Boatbuilding Process

Building a boat often comes from daydreaming. In my mind, I imagine what kind of boat I may be able to make with hazel sticks or oak ribs as a building block. I visualize the boat, make sketches, and draw a full-size lofting on paper to get an even better idea of how the actual boat will be shaped. Once visualization and planning are complete, I begin the boat building process--fathering and prepping wood, assembly, sewing on the fabric skin, and waterproofing--all the processes below. 

HAZELWOOD HARVEST: Hazelwood is everywhere in the Willamette Valley of Oregon. Not only are there thousands of acres of domestic hazel orchards, volunteer hazel bushes are ubiquitous. I have learned to spot long, straight hazel sticks from a distance. For this reason, it's better not to follow too closely behind me while I'm driving. Most wood is harvested in winter when the leaves have fallen off and the trees are dormant. If harvested with leaves, they need to be pruned. The wood is seasoned for a few weeks and maintains flexibility for several months.

MAKING THE FRAME WITH STICKS: The traditional method of making a boat with hazel or willow is to place the rods in the ground in the shape of the boat, with the ribs spaced 5-6 inches apart. The boat is constructed upside down as the gunwale (pronounced "gunnel") is woven with willow or hazel sticks at ground level. Once the weaving is complete, the ribs are folded over, then the stringers are bent over the top of the ribs. The boat is tied like this to form a basket shape, and heavy weights are placed to hold it in shape and keep the bottom flat. After one week, the boat is dug up and may be covered with a skin. 

DRAWING PATTERN: Sometimes I draw full-size renderings of boats to help me visualize what the final boat will look like.

MAKING THE FRAME WITH STICKS AND MILLED WOOD: Once the shape and dimensions of the boat are determined, the gunwale may be shaped with milled wood. After that, the round sticks may be used instead of milled wood. Green ribs are flexible, do not need to be steamed and bent, and will hold their shape once they are stabilized with lashings. Round ribs form a solid yet flexible hull in skin-on-frame boats.

FINISHING TOUCHES ON THE FRAME: Finishing touches on the frame may include attaching the cockpit coaming. Other boats may have artwork burned or painted on the decks.

TESTING THE FRAME: Once a boat is complete, I often wrap it in plastic and duct tape and test it in the river for a few minutes. It's easy to discern if the boat is going to track straight and be stable using this method.

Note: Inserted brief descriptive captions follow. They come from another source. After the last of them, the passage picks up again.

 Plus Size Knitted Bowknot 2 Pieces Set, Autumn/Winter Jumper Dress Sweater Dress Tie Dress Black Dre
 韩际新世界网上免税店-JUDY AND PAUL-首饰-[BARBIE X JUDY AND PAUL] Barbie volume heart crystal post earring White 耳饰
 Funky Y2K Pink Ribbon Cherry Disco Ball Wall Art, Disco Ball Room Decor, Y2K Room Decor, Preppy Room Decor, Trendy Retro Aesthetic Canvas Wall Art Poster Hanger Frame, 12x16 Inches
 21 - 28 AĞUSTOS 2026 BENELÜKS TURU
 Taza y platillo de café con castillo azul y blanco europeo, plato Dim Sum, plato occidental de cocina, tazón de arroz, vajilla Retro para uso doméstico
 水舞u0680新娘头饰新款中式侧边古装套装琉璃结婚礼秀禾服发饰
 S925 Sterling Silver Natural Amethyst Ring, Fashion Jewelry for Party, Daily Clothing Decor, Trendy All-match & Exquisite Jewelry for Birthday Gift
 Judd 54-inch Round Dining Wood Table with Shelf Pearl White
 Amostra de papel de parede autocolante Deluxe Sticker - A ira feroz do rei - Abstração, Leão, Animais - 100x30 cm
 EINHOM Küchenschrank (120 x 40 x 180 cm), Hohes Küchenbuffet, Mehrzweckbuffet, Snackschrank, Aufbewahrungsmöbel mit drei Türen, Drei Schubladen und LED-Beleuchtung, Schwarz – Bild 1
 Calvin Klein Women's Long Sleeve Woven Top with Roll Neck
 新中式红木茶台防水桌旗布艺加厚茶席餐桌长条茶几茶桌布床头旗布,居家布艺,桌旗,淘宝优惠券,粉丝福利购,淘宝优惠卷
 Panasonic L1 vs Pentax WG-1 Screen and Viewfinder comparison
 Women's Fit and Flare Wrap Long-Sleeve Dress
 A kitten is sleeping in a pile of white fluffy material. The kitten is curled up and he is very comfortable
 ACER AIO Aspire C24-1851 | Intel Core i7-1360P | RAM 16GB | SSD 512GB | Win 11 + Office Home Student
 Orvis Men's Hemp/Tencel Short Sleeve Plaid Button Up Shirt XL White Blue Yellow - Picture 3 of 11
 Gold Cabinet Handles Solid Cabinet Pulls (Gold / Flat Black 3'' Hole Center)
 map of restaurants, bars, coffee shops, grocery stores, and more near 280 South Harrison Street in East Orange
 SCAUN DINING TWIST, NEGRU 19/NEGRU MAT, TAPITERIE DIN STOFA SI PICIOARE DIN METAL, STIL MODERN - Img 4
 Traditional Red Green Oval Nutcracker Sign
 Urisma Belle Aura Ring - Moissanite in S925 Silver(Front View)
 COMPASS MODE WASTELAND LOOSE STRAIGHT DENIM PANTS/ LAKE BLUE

APPLYING THE SKIN: The skin may be leather hides sewn together, tar and canvas, or ballistic nylon. Other eco-friendly fabrics may also be available. These days I use ballistic nylon, which is kept cool and wet while stretching and attaching it to the wooden frame. The fabric is then ironed or dried with a heat gun to encourage shrinkage.

SHRINKING, COLORING, AND WATERPROOFING THE SKIN: I use urethane to waterproof the fabric. Some builders use exterior latex house paint. New eco-friendly technologies are being developed in this area, too.

FINISHING TOUCHES: Finishing touches may include adding leather straps to the hull and making custom paddles. I have also explored making sails.